The Judicial College of Victoria has produced a Uniform Evidence Manual.
[1] The differences between the Commonwealth, NSW and Victorian Acts are summarised in the standard annotation, Odgers, Uniform Evidence Law, (8th ed., 2009) Thomson Reuters, at [1.1.70]. The differences between the Tasmanian and Commonwealth Acts are summarised in Appendix E to Odgers.
[2] Evidence Amendment Act, 2007 (NSW); Evidence Amendment Act, 2008 (Cth.).

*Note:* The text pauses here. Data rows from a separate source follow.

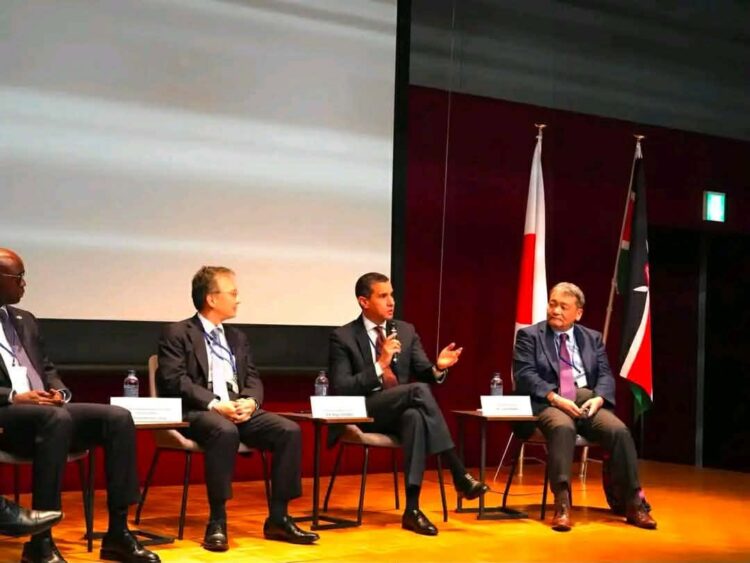 مصر تعرض رؤيتها لتعزيز الحوكمة والتكامل الاقتصادي في إفريقيا مصر تعرض رؤيتها لتعزيز الحوكمة والتكامل الاقتصادي في إفريقيا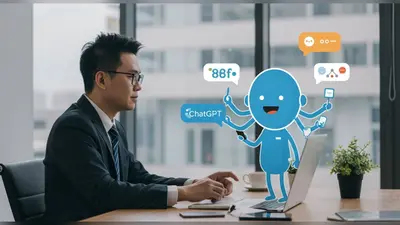 ChatGPT Prompts for Entrepreneur Productivity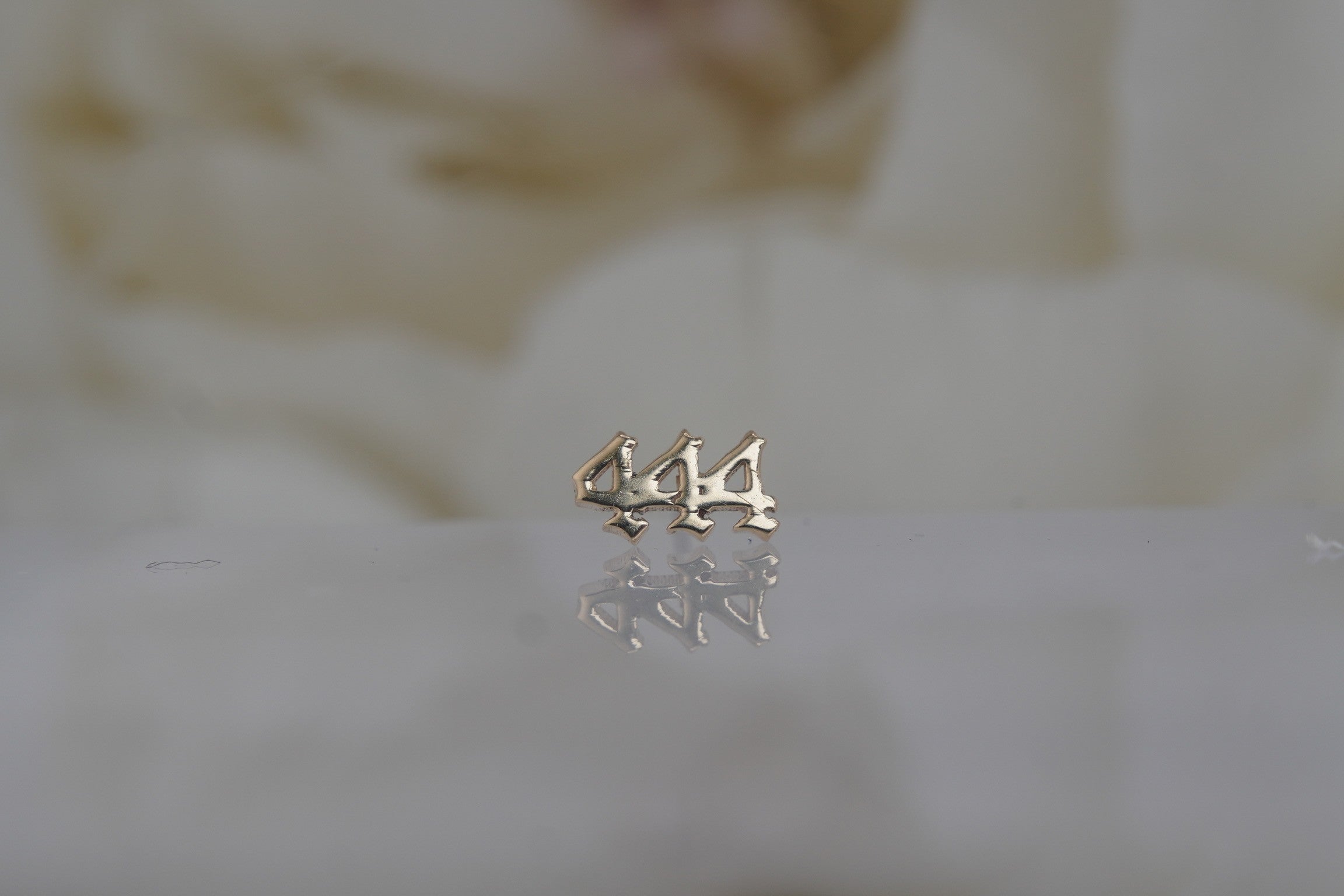 Angel Numbers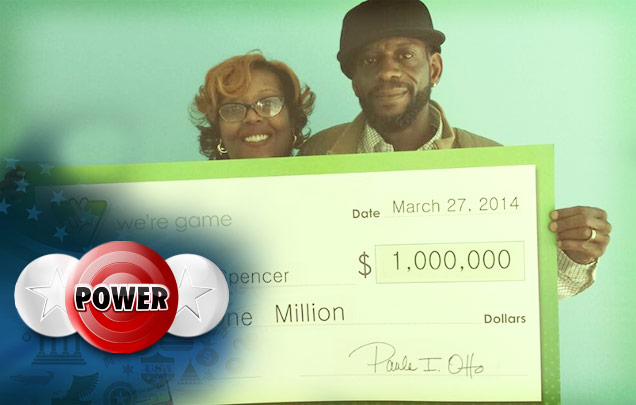 Über 2 Millionen US$ in 3 Lotterien gewonnen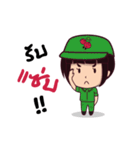 LittleCherry（個別スタンプ：25）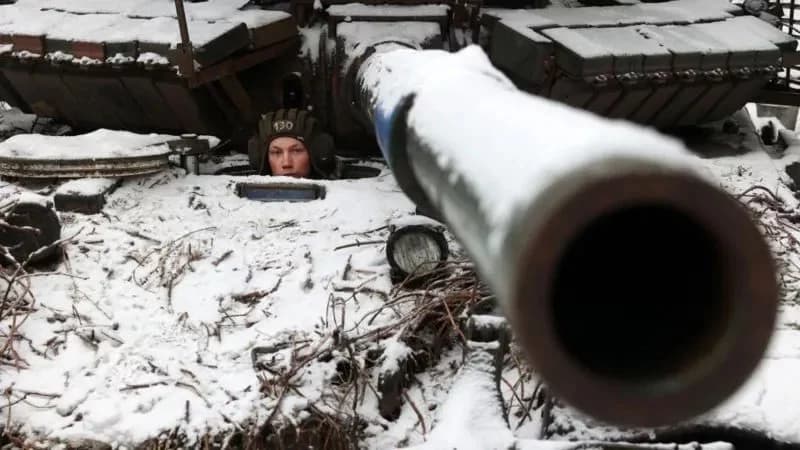Ukrainada chindan ham 2024 yil uchun urush rejasi yo‘qmi?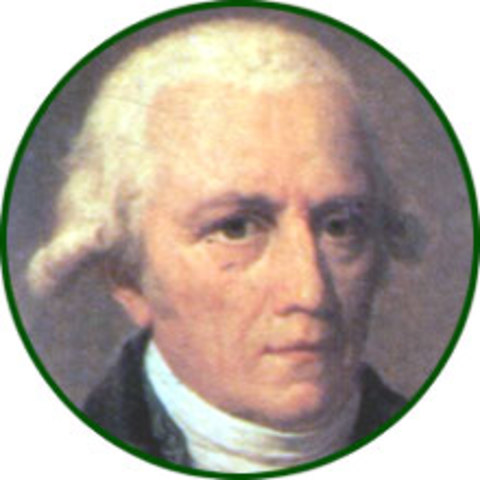Jean Baptiste de Lamarck ( 1744-1829)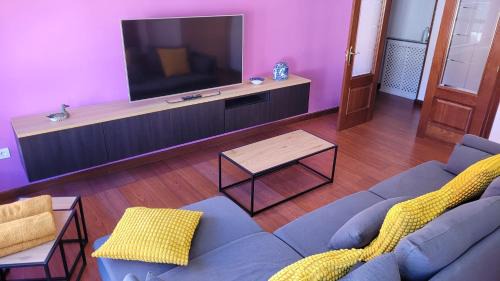 Cabanaquinta Apartment | Casa Noa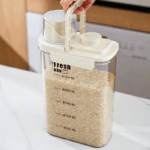 Sealed Storage Tank, Capable of Storing Rice, Soybeans, and Other Items, Efficiently Sealed, Moisture-Proof, and Mold Proof 7 5581410f4bc5cbaca79c188ab756da64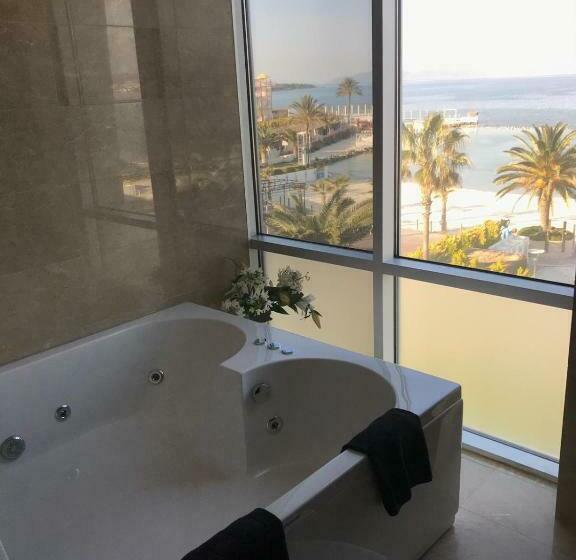 סוויטה אקזקיוטיב, Ilica Hotel Spa & Wellness Resort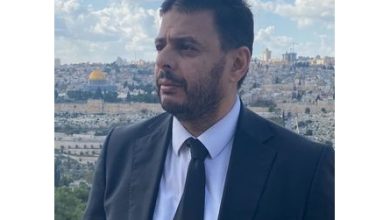 Photo of انزل صلِّ في الأقصى.. نقطة، أول السطر؛ مسؤوليتك الفردية قبل الجماعية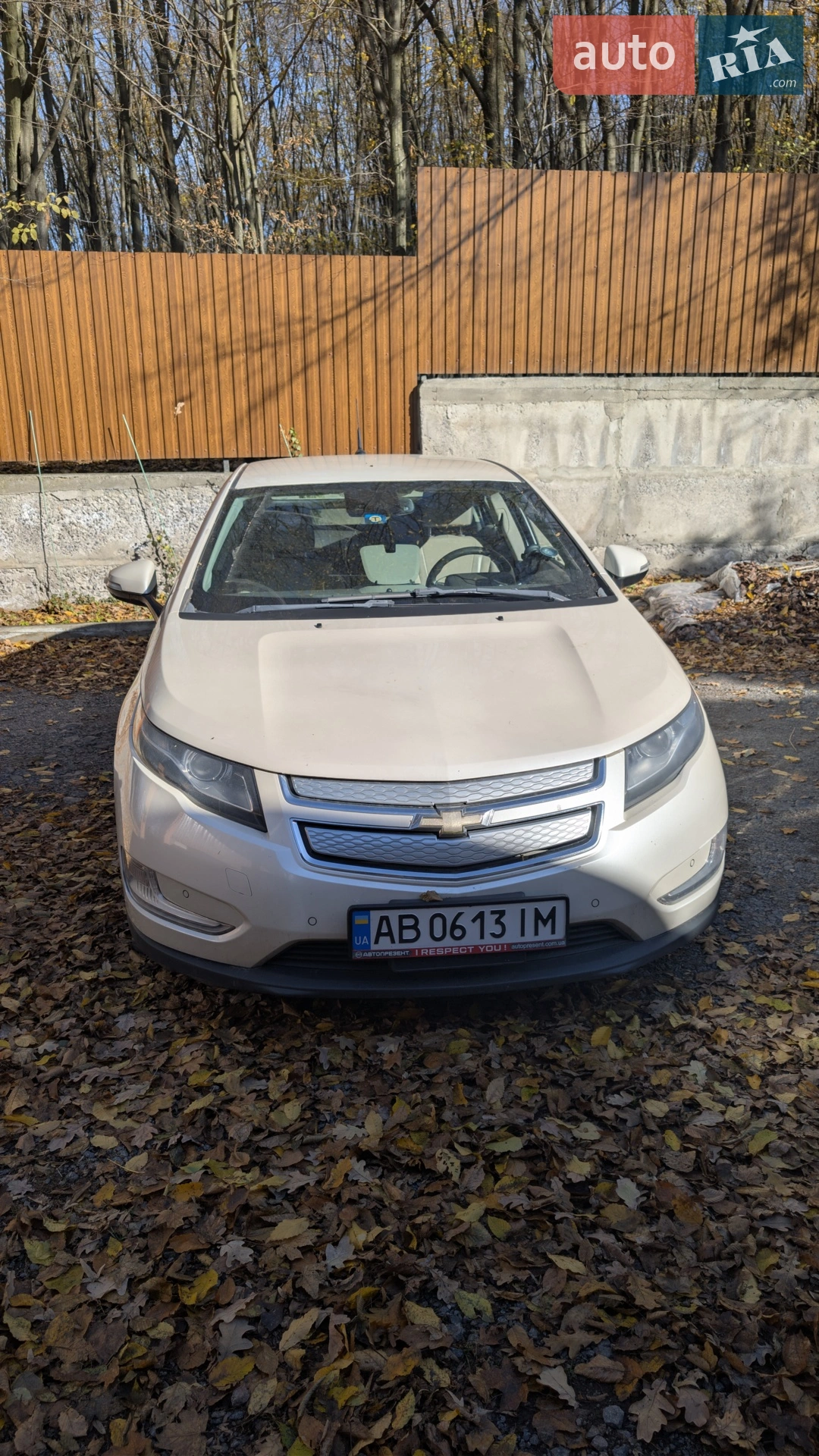 2014 Chevrolet Volt - фото 1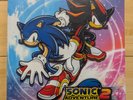 Sonic Adventure 2 - Official Soundtrack Vinyl Edition BRAND NEW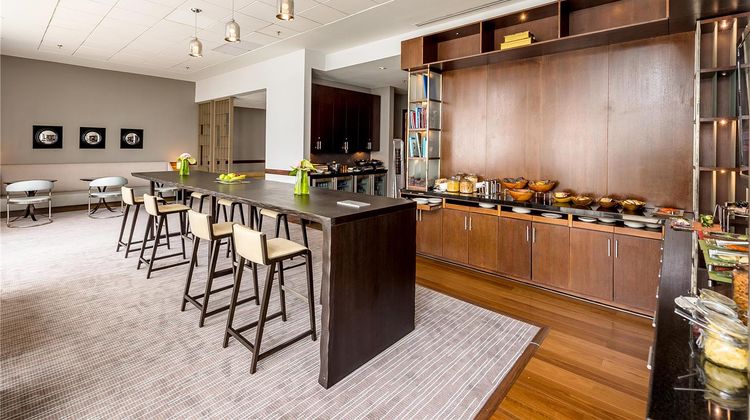 Hyatt Regency Trinidad Restaurant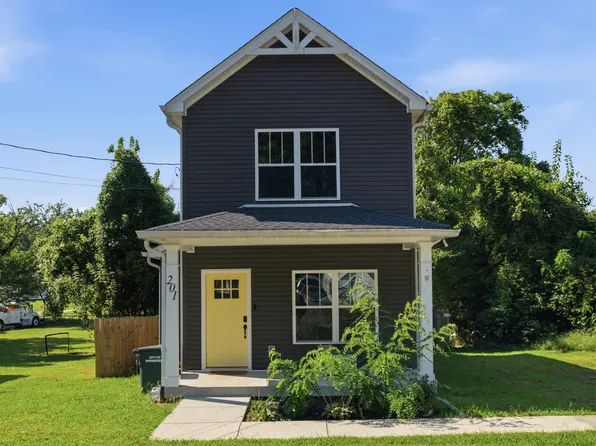 201 16th Ave E, Springfield, TN 37172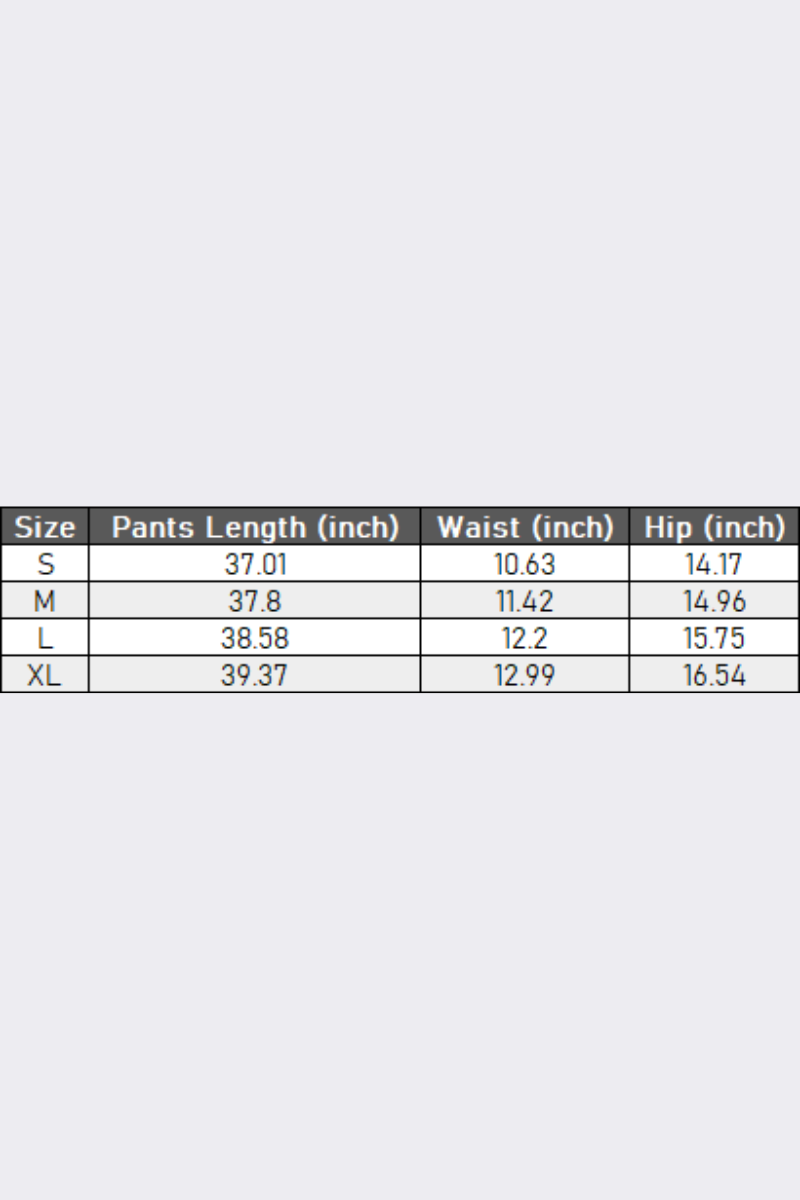 Women's Side Pockets V-Waisted Sports Flared Pants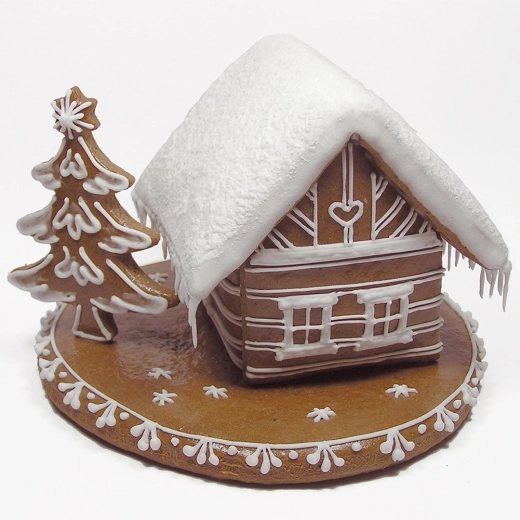 Ιδανικό για γιορτινό ψήσιμο και διακόσμηση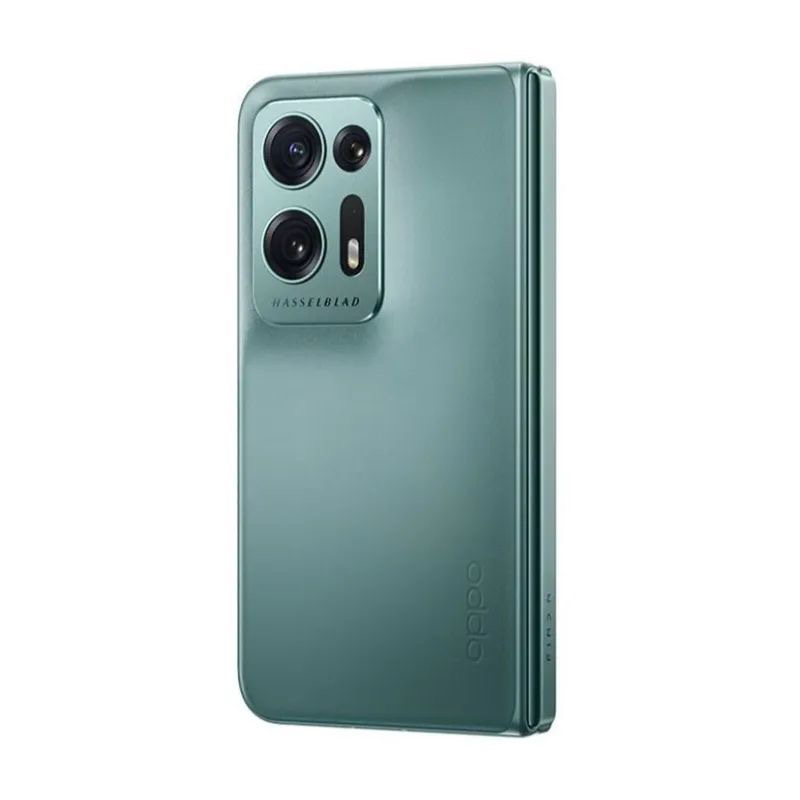 9新 OPPO  FInd N2二手原装折叠屏手机晓龙芯片双卡5G优品二手机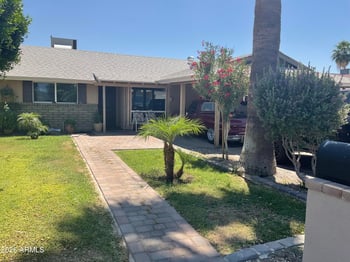 5617 Hatcher Rd, Glendale, AZ 85302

[3] They are summarised in Odgers, Uniform Evidence Law, (8th ed., 2009) Thomson Reuters, at [1.1.60].
[4] (1999) 201 CLR 1.
[5] It remains the case that the Act’s concern is with hearings in cases in ‘courts’ and tribunals which are bound by the laws of evidence, so the common law will continue to apply in non-curial settings such as in demands by the Legal Services Commissioner for the production of documents in the exercise of his power of compulsion in s. 4.4.11 of the Legal Profession Act, 2004. See s. 4 of the Evidence Act, 2008. The situation is not quite so simple, however, since s. 122(2) says that the privilege provisions do not prevent the adduction of evidence if the client has acted in a way inconsistent with him objecting on the basis of privilege, but s. 122(5) says such inconsistency will not be present merely because circumstances exist which might, at common law, amount to a waiver of privilege. Accordingly it is not necessarily the case that ‘once waived, always waived’; what the common law might take to be a waiver of privilege in an extra-curial setting might not operate to prevent the adduction of the same controversial communication in a court or tribunal bound by the Act.
[6] The amended Acts applied to cases the trial of which commenced in or after 2009: see, e.g. part 2 of schedule 1 of the Evidence Amendment Act, 2008 (Cth).